179 Largest Number
Given a list of non negative integers, arrange them such that they form the largest number.
For example, given [3, 30, 34, 5, 9], the largest formed number is 9534330.
Note: The result may be very large, so you need to return a string instead of an integer.
聪明方法:其实干嘛要挨个比呢,按最直接的方法,接起来,谁大谁在前:
可以换一下思路,要想比较两个数在最终结果中的先后位置,何不直接比较一下不同组合的结果大小?
举个例子:要比较3和34的先后位置,可以比较334和343的大小,而343比334大,所以34应当在前。
这样,有了比较两个数的方法,就可以对整个数组进行排序。然后再把排好序的数拼接在一起就好了。

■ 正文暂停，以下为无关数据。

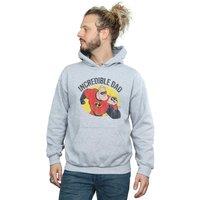 Disney Men's The Incredibles Bob Parr Incredible Dad Hoodie in Grey | Size: 2XL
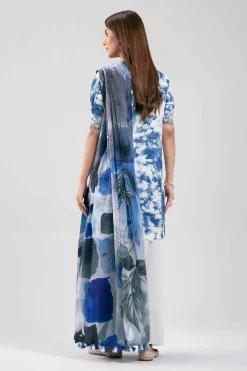 3 Piece - Digital Printed Embroidered Suit - 42601213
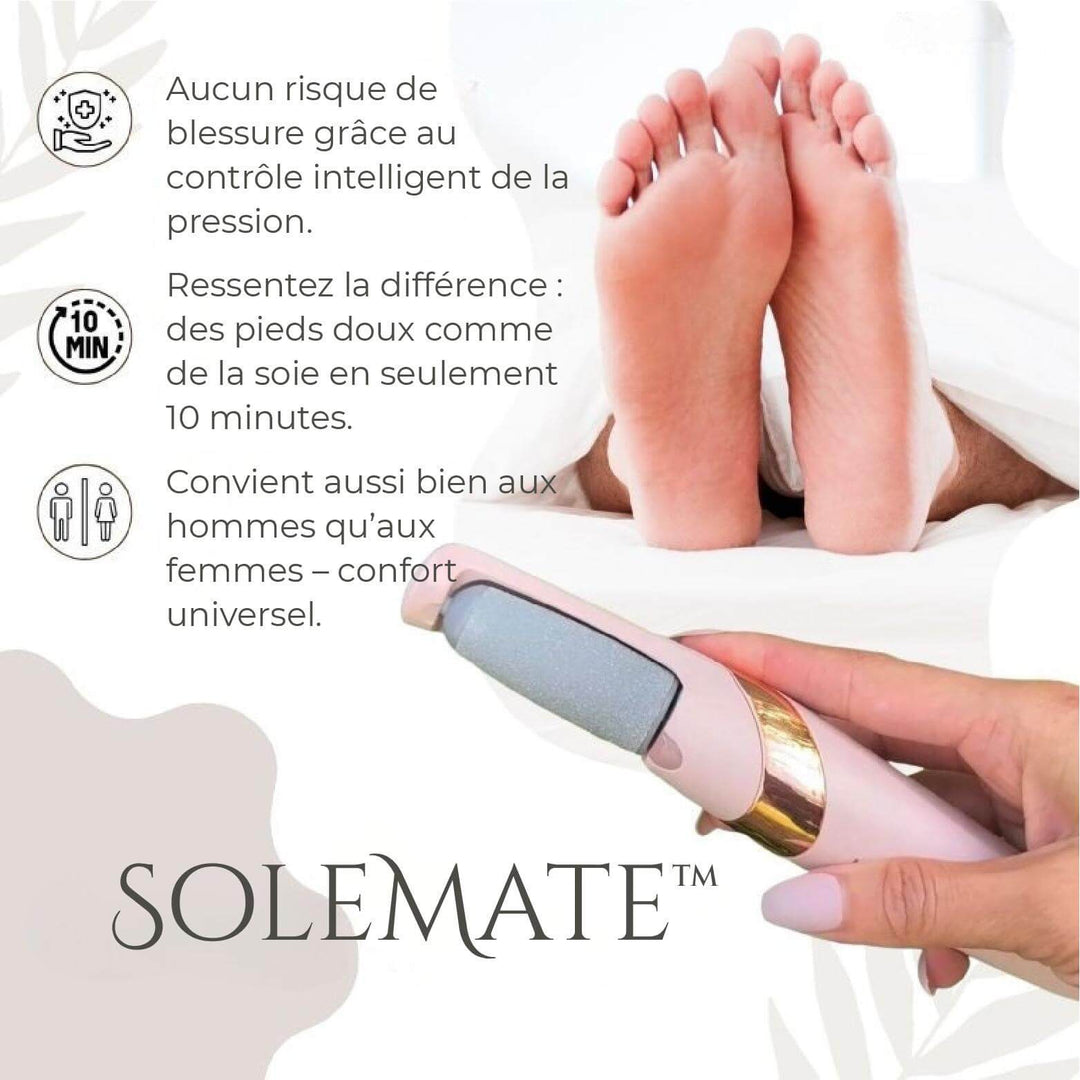 APPAREIL DE PEDICURE ELECTRIQUE RECHARGEABLE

首先把int 全部转换成string array,然后,自己写一个comparator,判断ab ba的大小,从而把a,b排序
然后把所有的连起来,记住,大的在后面,从后面开始连接。最后去掉前面的0;
public class Solution {
public String largestNumber(int[] num) {
if(num == null || num.length == 0)
return "";
// Convert int array to String array, so we can sort later on
String[] s_num = new String[num.length];
for(int i = 0; i < num.length; i++)
s_num[i] = String.valueOf(num[i]);
// Comparator to decide which string should come first in concatenation
Comparator<String> comp = new Comparator<String>(){
@Override
public int compare(String str1, String str2){
String s1 = str1 + str2;
String s2 = str2 + str1;
return s2.compareTo(s1); // reverse order here, so we can do append() later
}
};
Arrays.sort(s_num, comp);
// An extreme edge case by lc, say you have only a bunch of 0 in your int array
if(s_num[0].charAt(0) == '0')
return "0";
StringBuilder sb = new StringBuilder();
for(String s: s_num)
sb.append(s);
return sb.toString();
}
}
奇技淫巧:
Comparator<String> comp = new Comparator<String>(){ @Override public int compare(String str1, String str2){ String s1 = str1 + str2; String s2 = str2 + str1; return s2.compareTo(s1); // reverse order here, so we can do append() later } };